Return all of the records below verbatim.
***** Material provided *****
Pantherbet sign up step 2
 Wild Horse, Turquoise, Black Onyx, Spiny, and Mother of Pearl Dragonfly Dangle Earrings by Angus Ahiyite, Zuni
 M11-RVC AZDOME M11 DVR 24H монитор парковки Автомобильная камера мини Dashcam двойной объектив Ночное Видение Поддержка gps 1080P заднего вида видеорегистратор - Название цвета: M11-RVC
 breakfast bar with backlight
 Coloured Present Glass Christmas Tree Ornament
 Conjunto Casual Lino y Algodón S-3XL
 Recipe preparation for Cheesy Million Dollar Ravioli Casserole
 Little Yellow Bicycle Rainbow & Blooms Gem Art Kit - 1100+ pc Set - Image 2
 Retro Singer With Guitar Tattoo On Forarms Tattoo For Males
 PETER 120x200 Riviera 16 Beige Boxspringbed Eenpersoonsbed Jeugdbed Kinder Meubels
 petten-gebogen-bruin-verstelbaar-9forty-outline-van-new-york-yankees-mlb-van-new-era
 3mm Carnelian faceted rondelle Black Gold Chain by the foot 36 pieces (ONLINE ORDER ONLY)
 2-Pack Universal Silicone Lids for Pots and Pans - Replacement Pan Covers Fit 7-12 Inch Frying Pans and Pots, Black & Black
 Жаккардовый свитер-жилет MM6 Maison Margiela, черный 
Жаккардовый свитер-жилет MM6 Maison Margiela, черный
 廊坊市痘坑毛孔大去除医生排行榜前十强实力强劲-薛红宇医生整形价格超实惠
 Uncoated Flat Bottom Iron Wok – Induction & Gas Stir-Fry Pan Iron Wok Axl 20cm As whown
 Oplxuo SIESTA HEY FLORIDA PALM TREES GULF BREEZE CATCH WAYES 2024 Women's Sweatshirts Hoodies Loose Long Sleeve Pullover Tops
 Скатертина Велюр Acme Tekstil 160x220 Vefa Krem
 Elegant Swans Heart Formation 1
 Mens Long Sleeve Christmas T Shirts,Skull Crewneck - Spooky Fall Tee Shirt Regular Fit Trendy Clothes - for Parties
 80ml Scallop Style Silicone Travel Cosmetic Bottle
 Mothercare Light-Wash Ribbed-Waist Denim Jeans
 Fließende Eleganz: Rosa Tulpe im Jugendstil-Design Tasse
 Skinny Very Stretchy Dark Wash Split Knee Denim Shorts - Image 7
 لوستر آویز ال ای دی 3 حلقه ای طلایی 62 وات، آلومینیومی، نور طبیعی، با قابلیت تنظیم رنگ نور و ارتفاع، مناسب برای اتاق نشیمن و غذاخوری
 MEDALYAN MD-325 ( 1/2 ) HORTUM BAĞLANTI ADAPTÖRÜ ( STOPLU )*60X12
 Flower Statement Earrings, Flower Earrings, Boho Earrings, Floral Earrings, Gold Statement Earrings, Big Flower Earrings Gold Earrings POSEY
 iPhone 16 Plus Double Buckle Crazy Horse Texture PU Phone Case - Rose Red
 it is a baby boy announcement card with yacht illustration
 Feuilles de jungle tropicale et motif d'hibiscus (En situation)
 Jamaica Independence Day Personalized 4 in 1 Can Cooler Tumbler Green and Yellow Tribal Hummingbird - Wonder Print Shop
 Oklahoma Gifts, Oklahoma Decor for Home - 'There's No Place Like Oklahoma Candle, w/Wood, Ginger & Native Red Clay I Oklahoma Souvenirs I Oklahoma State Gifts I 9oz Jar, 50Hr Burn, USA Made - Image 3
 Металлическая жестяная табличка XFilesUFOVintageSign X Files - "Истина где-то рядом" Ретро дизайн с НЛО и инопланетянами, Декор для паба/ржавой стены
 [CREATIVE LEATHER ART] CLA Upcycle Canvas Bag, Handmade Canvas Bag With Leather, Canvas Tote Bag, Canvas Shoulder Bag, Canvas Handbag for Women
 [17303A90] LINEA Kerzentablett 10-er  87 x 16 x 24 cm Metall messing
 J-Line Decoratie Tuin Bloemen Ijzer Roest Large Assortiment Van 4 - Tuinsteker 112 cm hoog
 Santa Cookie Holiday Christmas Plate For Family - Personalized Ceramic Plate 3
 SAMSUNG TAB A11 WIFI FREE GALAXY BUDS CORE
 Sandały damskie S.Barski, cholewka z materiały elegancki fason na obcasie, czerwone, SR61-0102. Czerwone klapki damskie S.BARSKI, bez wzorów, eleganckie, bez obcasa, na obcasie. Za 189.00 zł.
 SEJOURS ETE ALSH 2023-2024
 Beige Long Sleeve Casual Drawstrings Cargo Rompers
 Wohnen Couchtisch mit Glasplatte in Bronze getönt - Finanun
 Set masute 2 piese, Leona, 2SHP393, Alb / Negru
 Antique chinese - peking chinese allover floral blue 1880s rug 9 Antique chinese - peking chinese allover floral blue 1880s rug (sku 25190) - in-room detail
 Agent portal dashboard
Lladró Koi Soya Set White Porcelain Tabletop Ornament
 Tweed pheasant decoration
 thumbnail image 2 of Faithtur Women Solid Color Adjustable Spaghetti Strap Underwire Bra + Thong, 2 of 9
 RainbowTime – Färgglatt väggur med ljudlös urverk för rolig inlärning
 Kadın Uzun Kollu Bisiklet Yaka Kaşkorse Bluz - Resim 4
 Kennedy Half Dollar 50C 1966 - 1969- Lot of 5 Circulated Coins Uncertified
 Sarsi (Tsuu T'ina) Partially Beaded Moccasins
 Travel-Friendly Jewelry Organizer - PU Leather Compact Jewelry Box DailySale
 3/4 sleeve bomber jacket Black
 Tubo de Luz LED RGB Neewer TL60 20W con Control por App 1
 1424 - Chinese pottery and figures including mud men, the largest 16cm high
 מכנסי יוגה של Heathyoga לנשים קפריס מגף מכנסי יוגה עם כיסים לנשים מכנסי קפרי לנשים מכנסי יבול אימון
*****
**Answer area**:
Pantherbet sign up step 2
 Wild Horse, Turquoise, Black Onyx, Spiny, and Mother of Pearl Dragonfly Dangle Earrings by Angus Ahiyite, Zuni
 M11-RVC AZDOME M11 DVR 24H монитор парковки Автомобильная камера мини Dashcam двойной объектив Ночное Видение Поддержка gps 1080P заднего вида видеорегистратор - Название цвета: M11-RVC
 breakfast bar with backlight
 Coloured Present Glass Christmas Tree Ornament
 Conjunto Casual Lino y Algodón S-3XL
 Recipe preparation for Cheesy Million Dollar Ravioli Casserole
 Little Yellow Bicycle Rainbow & Blooms Gem Art Kit - 1100+ pc Set - Image 2
 Retro Singer With Guitar Tattoo On Forarms Tattoo For Males
 PETER 120x200 Riviera 16 Beige Boxspringbed Eenpersoonsbed Jeugdbed Kinder Meubels
 petten-gebogen-bruin-verstelbaar-9forty-outline-van-new-york-yankees-mlb-van-new-era
 3mm Carnelian faceted rondelle Black Gold Chain by the foot 36 pieces (ONLINE ORDER ONLY)
 2-Pack Universal Silicone Lids for Pots and Pans - Replacement Pan Covers Fit 7-12 Inch Frying Pans and Pots, Black & Black
 Жаккардовый свитер-жилет MM6 Maison Margiela, черный 
Жаккардовый свитер-жилет MM6 Maison Margiela, черный
 廊坊市痘坑毛孔大去除医生排行榜前十强实力强劲-薛红宇医生整形价格超实惠
 Uncoated Flat Bottom Iron Wok – Induction & Gas Stir-Fry Pan Iron Wok Axl 20cm As whown
 Oplxuo SIESTA HEY FLORIDA PALM TREES GULF BREEZE CATCH WAYES 2024 Women's Sweatshirts Hoodies Loose Long Sleeve Pullover Tops
 Скатертина Велюр Acme Tekstil 160x220 Vefa Krem
 Elegant Swans Heart Formation 1
 Mens Long Sleeve Christmas T Shirts,Skull Crewneck - Spooky Fall Tee Shirt Regular Fit Trendy Clothes - for Parties
 80ml Scallop Style Silicone Travel Cosmetic Bottle
 Mothercare Light-Wash Ribbed-Waist Denim Jeans
 Fließende Eleganz: Rosa Tulpe im Jugendstil-Design Tasse
 Skinny Very Stretchy Dark Wash Split Knee Denim Shorts - Image 7
 لوستر آویز ال ای دی 3 حلقه ای طلایی 62 وات، آلومینیومی، نور طبیعی، با قابلیت تنظیم رنگ نور و ارتفاع، مناسب برای اتاق نشیمن و غذاخوری
 MEDALYAN MD-325 ( 1/2 ) HORTUM BAĞLANTI ADAPTÖRÜ ( STOPLU )*60X12
 Flower Statement Earrings, Flower Earrings, Boho Earrings, Floral Earrings, Gold Statement Earrings, Big Flower Earrings Gold Earrings POSEY
 iPhone 16 Plus Double Buckle Crazy Horse Texture PU Phone Case - Rose Red
 it is a baby boy announcement card with yacht illustration
 Feuilles de jungle tropicale et motif d'hibiscus (En situation)
 Jamaica Independence Day Personalized 4 in 1 Can Cooler Tumbler Green and Yellow Tribal Hummingbird - Wonder Print Shop
 Oklahoma Gifts, Oklahoma Decor for Home - 'There's No Place Like Oklahoma Candle, w/Wood, Ginger & Native Red Clay I Oklahoma Souvenirs I Oklahoma State Gifts I 9oz Jar, 50Hr Burn, USA Made - Image 3
 Металлическая жестяная табличка XFilesUFOVintageSign X Files - "Истина где-то рядом" Ретро дизайн с НЛО и инопланетянами, Декор для паба/ржавой стены
 [CREATIVE LEATHER ART] CLA Upcycle Canvas Bag, Handmade Canvas Bag With Leather, Canvas Tote Bag, Canvas Shoulder Bag, Canvas Handbag for Women
 [17303A90] LINEA Kerzentablett 10-er  87 x 16 x 24 cm Metall messing
 J-Line Decoratie Tuin Bloemen Ijzer Roest Large Assortiment Van 4 - Tuinsteker 112 cm hoog
 Santa Cookie Holiday Christmas Plate For Family - Personalized Ceramic Plate 3
 SAMSUNG TAB A11 WIFI FREE GALAXY BUDS CORE
 Sandały damskie S.Barski, cholewka z materiały elegancki fason na obcasie, czerwone, SR61-0102. Czerwone klapki damskie S.BARSKI, bez wzorów, eleganckie, bez obcasa, na obcasie. Za 189.00 zł.
 SEJOURS ETE ALSH 2023-2024
 Beige Long Sleeve Casual Drawstrings Cargo Rompers
 Wohnen Couchtisch mit Glasplatte in Bronze getönt - Finanun
 Set masute 2 piese, Leona, 2SHP393, Alb / Negru
 Antique chinese - peking chinese allover floral blue 1880s rug 9 Antique chinese - peking chinese allover floral blue 1880s rug (sku 25190) - in-room detail
 Agent portal dashboard
Lladró Koi Soya Set White Porcelain Tabletop Ornament
 Tweed pheasant decoration
 thumbnail image 2 of Faithtur Women Solid Color Adjustable Spaghetti Strap Underwire Bra + Thong, 2 of 9
 RainbowTime – Färgglatt väggur med ljudlös urverk för rolig inlärning
 Kadın Uzun Kollu Bisiklet Yaka Kaşkorse Bluz - Resim 4
 Kennedy Half Dollar 50C 1966 - 1969- Lot of 5 Circulated Coins Uncertified
 Sarsi (Tsuu T'ina) Partially Beaded Moccasins
 Travel-Friendly Jewelry Organizer - PU Leather Compact Jewelry Box DailySale
 3/4 sleeve bomber jacket Black
 Tubo de Luz LED RGB Neewer TL60 20W con Control por App 1
 1424 - Chinese pottery and figures including mud men, the largest 16cm high
 מכנסי יוגה של Heathyoga לנשים קפריס מגף מכנסי יוגה עם כיסים לנשים מכנסי קפרי לנשים מכנסי יבול אימון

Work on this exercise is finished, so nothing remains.